* [THE DATA]:
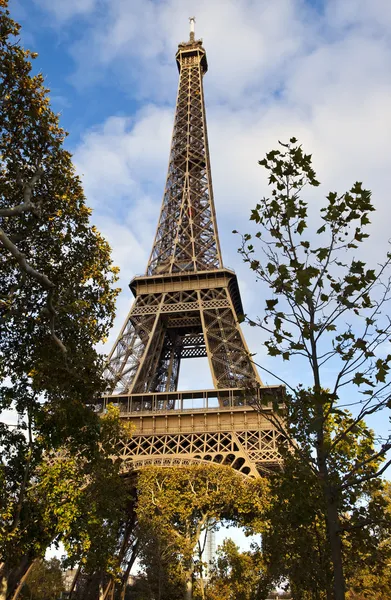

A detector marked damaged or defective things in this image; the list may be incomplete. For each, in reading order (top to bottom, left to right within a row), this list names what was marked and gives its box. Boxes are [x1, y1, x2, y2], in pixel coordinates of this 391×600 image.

rusty brown metal framework [99, 29, 284, 478]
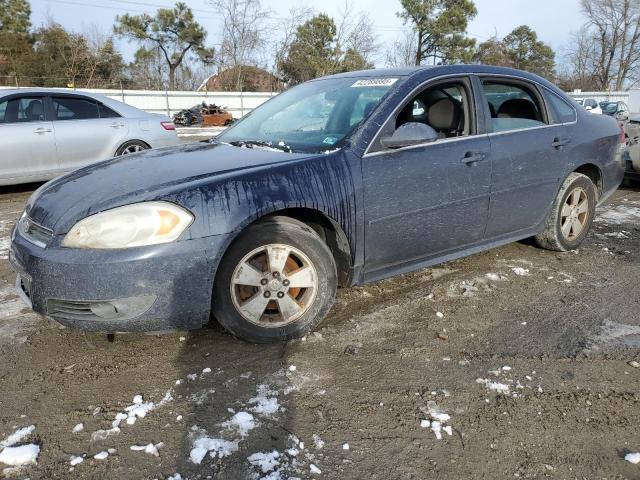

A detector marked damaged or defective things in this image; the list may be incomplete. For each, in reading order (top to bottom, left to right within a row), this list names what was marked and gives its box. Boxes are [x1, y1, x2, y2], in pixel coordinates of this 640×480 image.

rusty alloy wheel [560, 188, 592, 240]
rusty alloy wheel [231, 246, 318, 328]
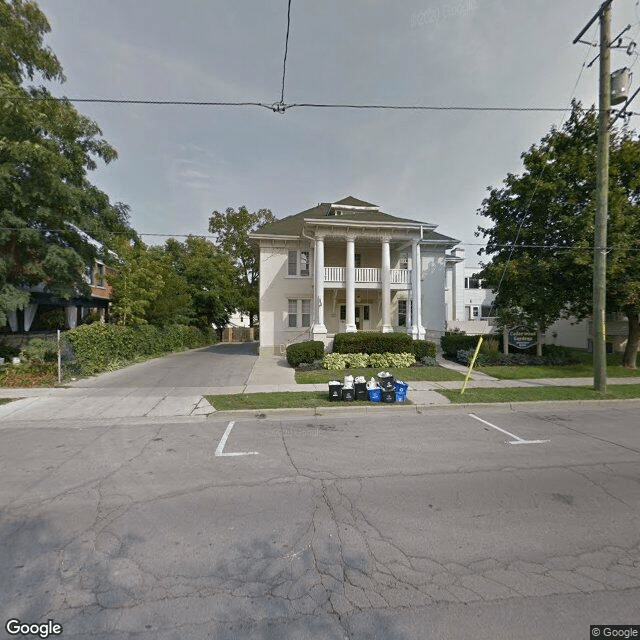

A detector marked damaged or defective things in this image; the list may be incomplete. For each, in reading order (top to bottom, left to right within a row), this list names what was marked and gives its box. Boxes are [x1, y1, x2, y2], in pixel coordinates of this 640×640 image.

cracked pavement [1, 408, 640, 636]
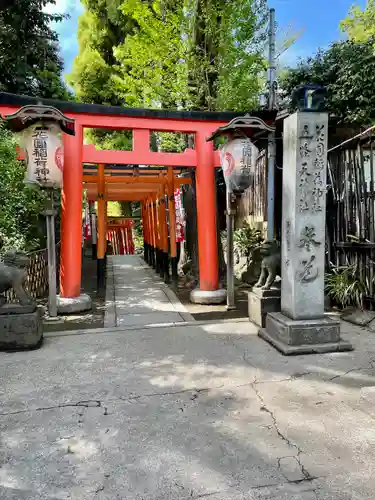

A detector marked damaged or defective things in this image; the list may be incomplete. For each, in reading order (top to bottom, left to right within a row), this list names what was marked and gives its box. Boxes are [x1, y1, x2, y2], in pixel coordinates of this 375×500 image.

cracked pavement [2, 260, 375, 498]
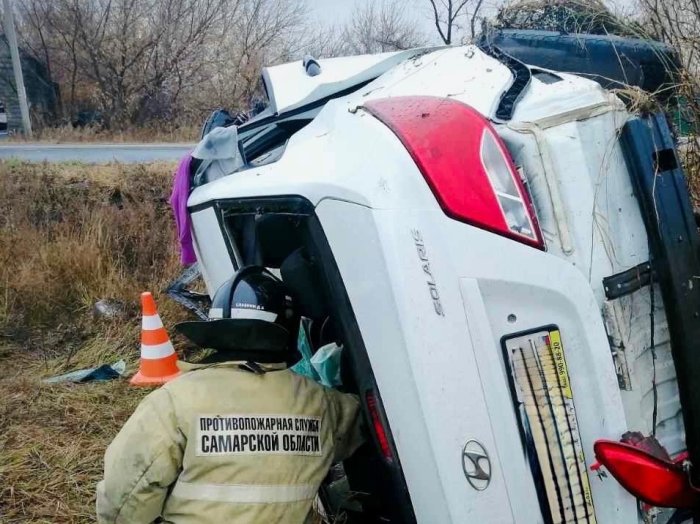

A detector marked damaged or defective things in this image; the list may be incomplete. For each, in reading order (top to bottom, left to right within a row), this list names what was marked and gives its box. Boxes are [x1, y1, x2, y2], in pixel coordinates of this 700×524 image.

overturned white car [179, 43, 700, 520]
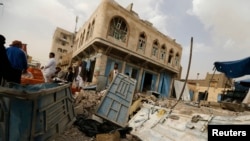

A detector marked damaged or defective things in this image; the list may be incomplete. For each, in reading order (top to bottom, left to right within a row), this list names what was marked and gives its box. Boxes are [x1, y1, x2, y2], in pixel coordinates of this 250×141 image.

broken window [108, 16, 127, 42]
damaged building [51, 0, 184, 97]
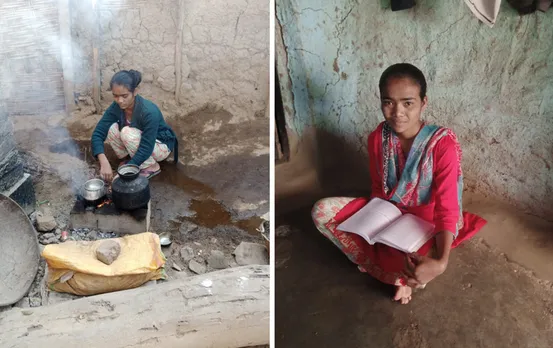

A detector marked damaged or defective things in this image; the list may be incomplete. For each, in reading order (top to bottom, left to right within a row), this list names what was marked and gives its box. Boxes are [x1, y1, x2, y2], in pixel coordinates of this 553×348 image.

cracked plaster wall [70, 0, 268, 122]
cracked plaster wall [278, 0, 552, 218]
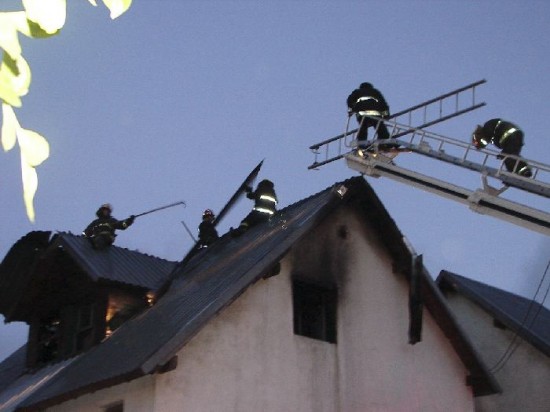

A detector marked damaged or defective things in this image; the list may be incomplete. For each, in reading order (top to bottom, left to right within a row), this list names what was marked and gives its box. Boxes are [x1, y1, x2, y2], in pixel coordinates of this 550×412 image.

damaged roof [0, 176, 502, 408]
broken window [294, 280, 336, 344]
damaged roof [440, 270, 550, 358]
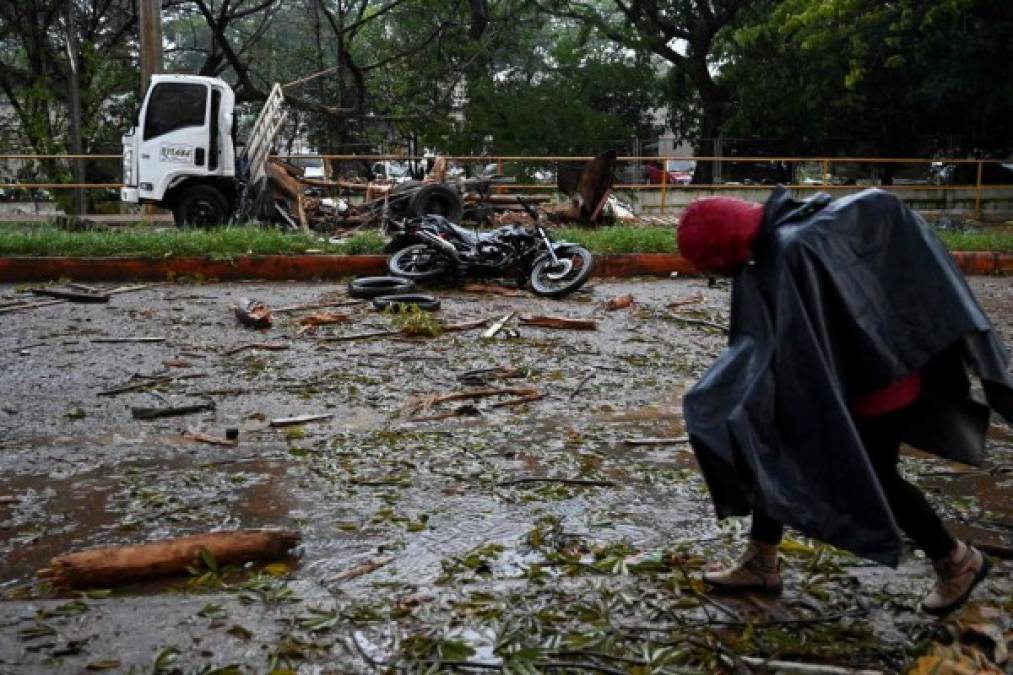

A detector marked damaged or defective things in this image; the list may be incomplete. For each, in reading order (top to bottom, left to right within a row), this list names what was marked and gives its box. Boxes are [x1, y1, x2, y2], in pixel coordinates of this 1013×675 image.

overturned motorcycle [386, 198, 592, 298]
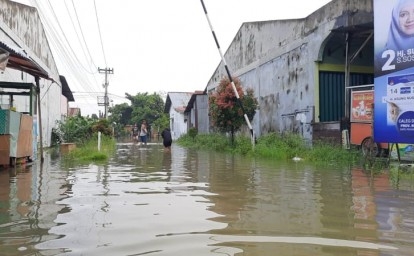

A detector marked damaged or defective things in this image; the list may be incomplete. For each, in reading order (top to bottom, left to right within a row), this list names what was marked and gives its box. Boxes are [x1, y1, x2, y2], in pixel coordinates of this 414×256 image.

wall with peeling paint [0, 0, 63, 148]
wall with peeling paint [206, 0, 372, 142]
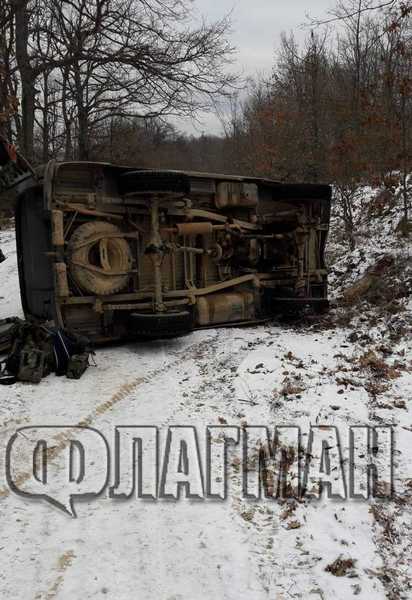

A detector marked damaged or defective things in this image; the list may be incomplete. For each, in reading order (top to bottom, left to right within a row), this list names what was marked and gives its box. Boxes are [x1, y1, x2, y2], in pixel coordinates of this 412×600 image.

overturned van [0, 137, 332, 342]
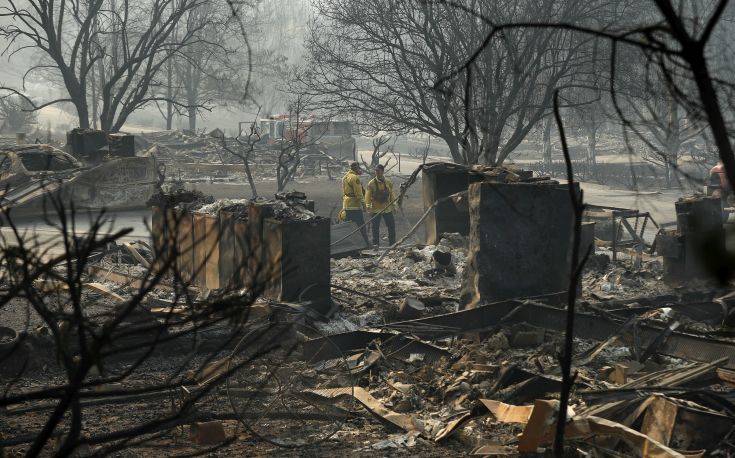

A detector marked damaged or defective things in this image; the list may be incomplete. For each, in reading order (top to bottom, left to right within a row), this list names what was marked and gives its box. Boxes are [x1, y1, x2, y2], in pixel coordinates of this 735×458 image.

burnt vehicle [0, 140, 160, 217]
charred wall remnant [462, 181, 576, 306]
broken concrete block [462, 182, 576, 308]
charred wall remnant [656, 196, 724, 282]
broken concrete block [188, 420, 226, 446]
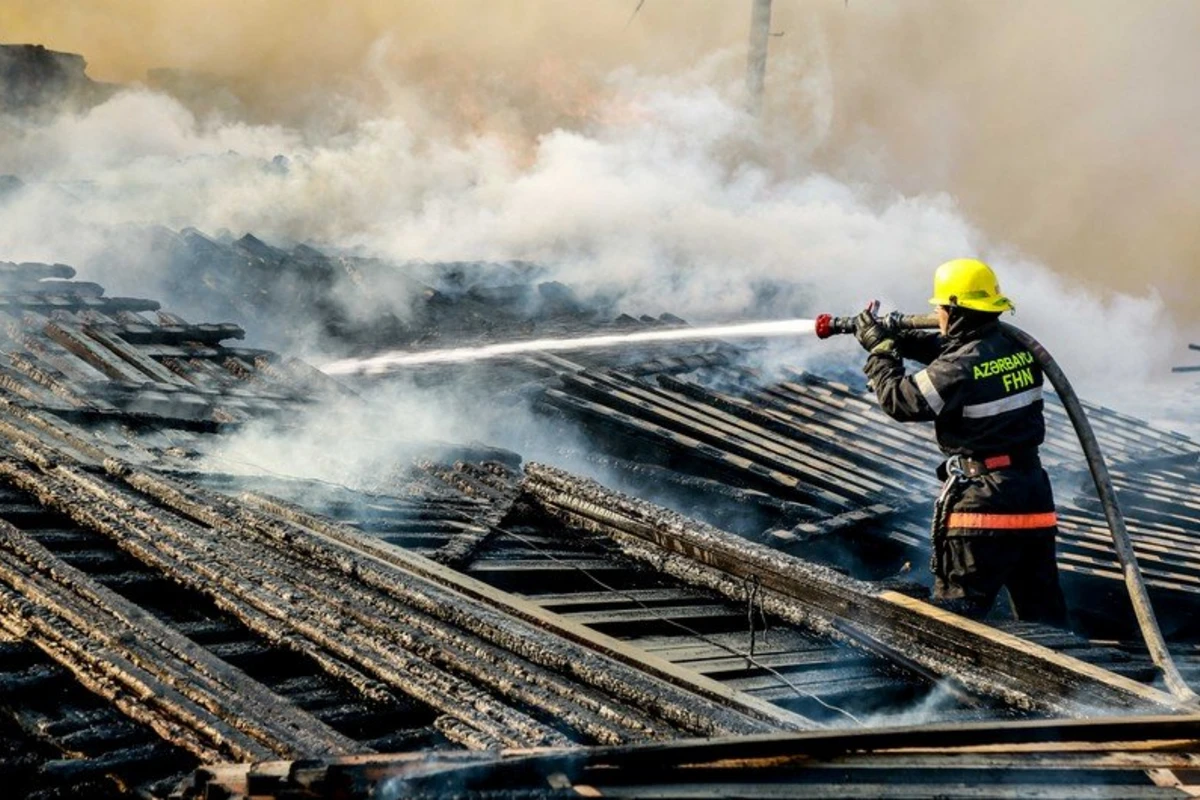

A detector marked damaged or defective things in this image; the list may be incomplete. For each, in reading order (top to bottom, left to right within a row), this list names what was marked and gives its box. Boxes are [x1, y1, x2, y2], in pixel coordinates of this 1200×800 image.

fire damage [0, 245, 1192, 800]
burned roof [0, 260, 1192, 796]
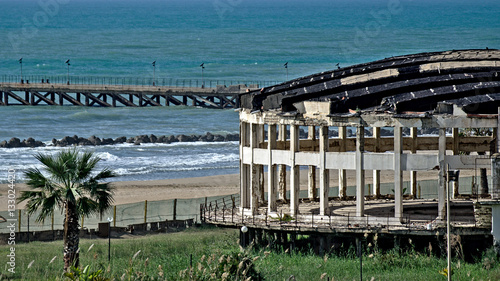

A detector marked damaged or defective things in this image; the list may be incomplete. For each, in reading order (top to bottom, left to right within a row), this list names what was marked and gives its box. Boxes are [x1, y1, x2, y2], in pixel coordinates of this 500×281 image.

damaged roof [241, 49, 500, 115]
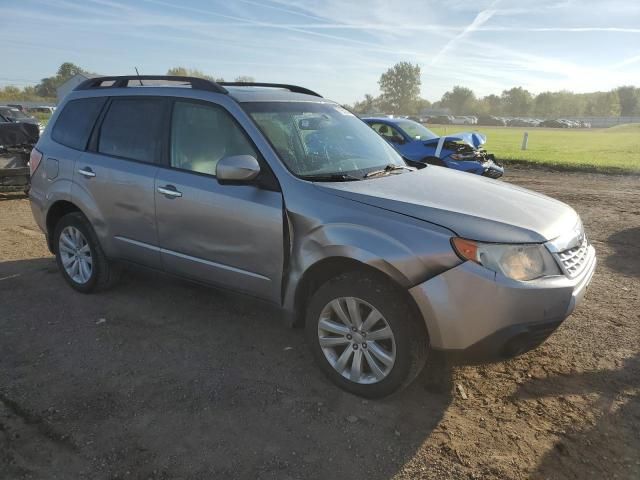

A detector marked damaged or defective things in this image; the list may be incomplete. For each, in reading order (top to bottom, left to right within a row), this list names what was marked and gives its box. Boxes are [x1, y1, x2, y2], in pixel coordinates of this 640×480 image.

damaged car in background [0, 121, 39, 194]
damaged car in background [362, 116, 502, 178]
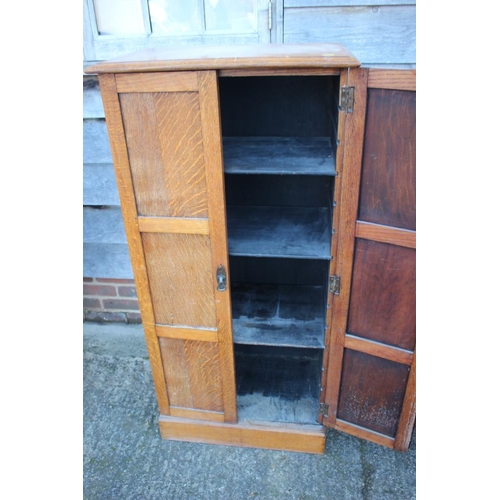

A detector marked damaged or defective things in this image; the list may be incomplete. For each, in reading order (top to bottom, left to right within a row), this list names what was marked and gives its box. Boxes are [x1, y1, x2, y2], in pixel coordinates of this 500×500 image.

cracked concrete [85, 322, 414, 498]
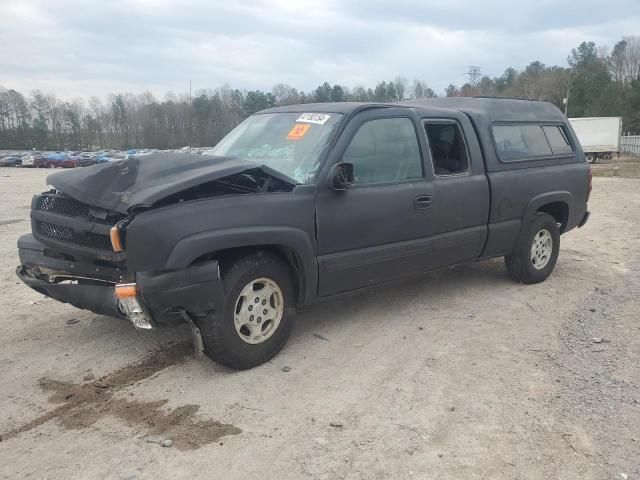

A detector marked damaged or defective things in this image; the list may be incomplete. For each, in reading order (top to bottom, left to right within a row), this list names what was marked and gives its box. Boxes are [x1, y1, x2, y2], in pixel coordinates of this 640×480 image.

damaged front end [16, 156, 292, 332]
crumpled hood [47, 154, 298, 214]
damaged pickup truck [18, 96, 592, 368]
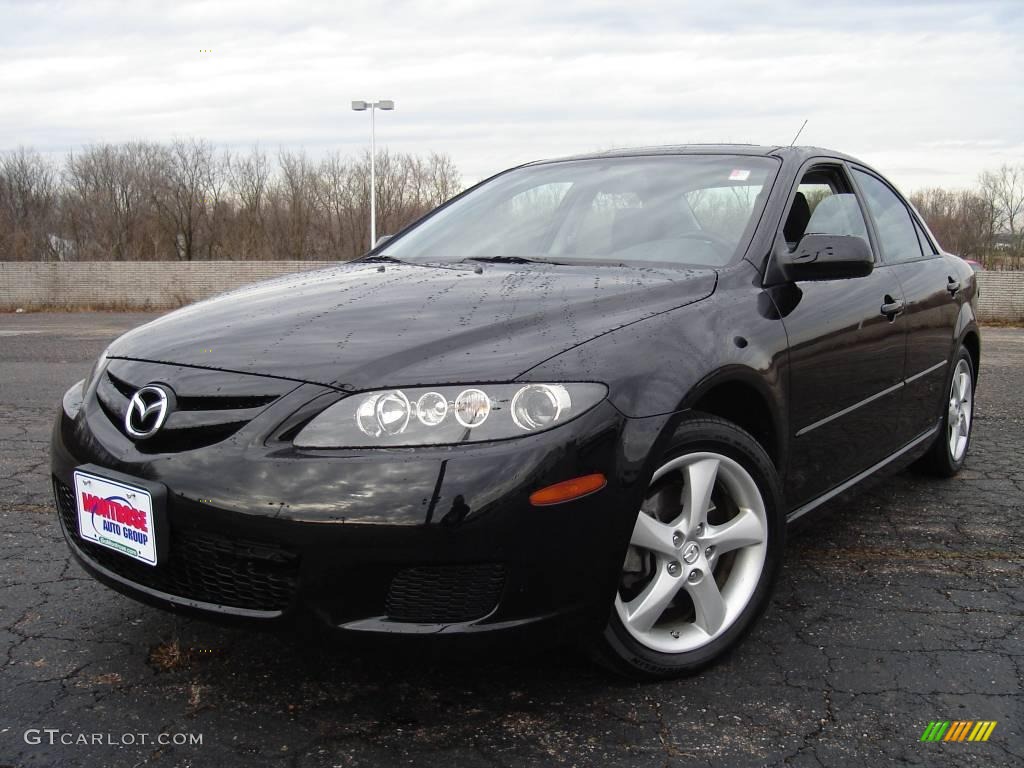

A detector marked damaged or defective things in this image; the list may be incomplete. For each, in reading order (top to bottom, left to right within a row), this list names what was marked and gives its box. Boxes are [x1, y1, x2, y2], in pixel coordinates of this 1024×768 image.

cracked asphalt [0, 314, 1020, 768]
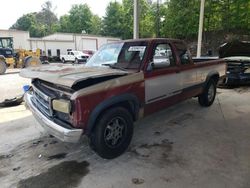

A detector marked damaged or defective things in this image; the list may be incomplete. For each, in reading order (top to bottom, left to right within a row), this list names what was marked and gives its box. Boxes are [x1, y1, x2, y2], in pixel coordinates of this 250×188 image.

damaged hood [19, 64, 128, 87]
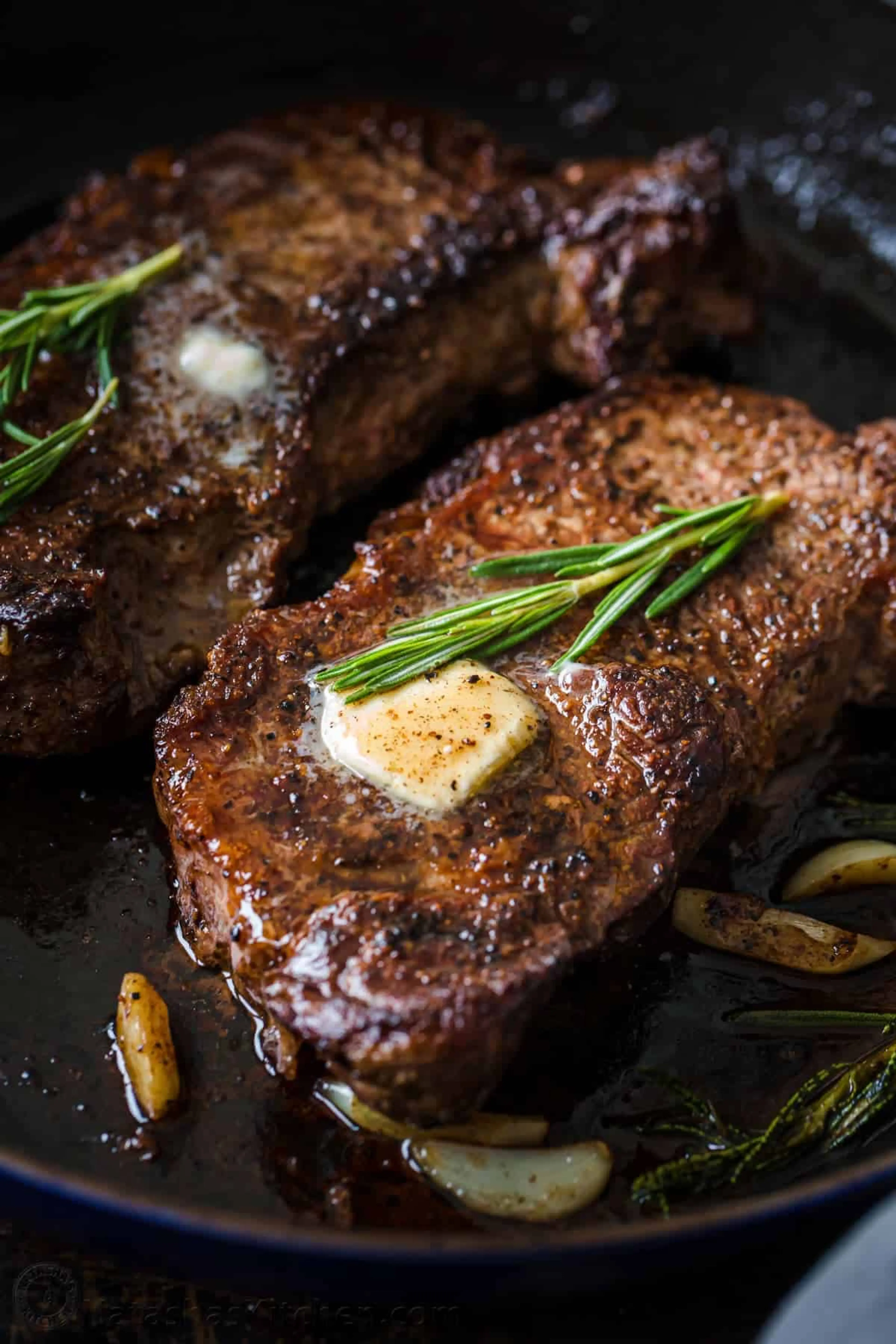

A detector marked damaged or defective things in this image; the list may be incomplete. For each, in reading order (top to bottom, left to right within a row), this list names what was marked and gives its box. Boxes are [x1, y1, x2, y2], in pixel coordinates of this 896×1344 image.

charred rosemary sprig [0, 242, 184, 519]
charred rosemary sprig [317, 494, 784, 704]
charred rosemary sprig [634, 1037, 896, 1220]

* [ASSIGNMENT]: Starting at the line that contains "this 896×1344 image.", output every remaining line of the data exactly, and stop after the last one.

* [PROBLEM SOLUTION]:
A detector marked damaged or defective things in this image; the list may be incomplete. For each, in reading order (top to bottom, left to right within a row), this list names what was marked and gives its box. Boxes are [x1, y1, x2, y2], in pixel coordinates of this 896×1344 image.

charred rosemary sprig [0, 242, 184, 519]
charred rosemary sprig [317, 494, 784, 704]
charred rosemary sprig [634, 1037, 896, 1220]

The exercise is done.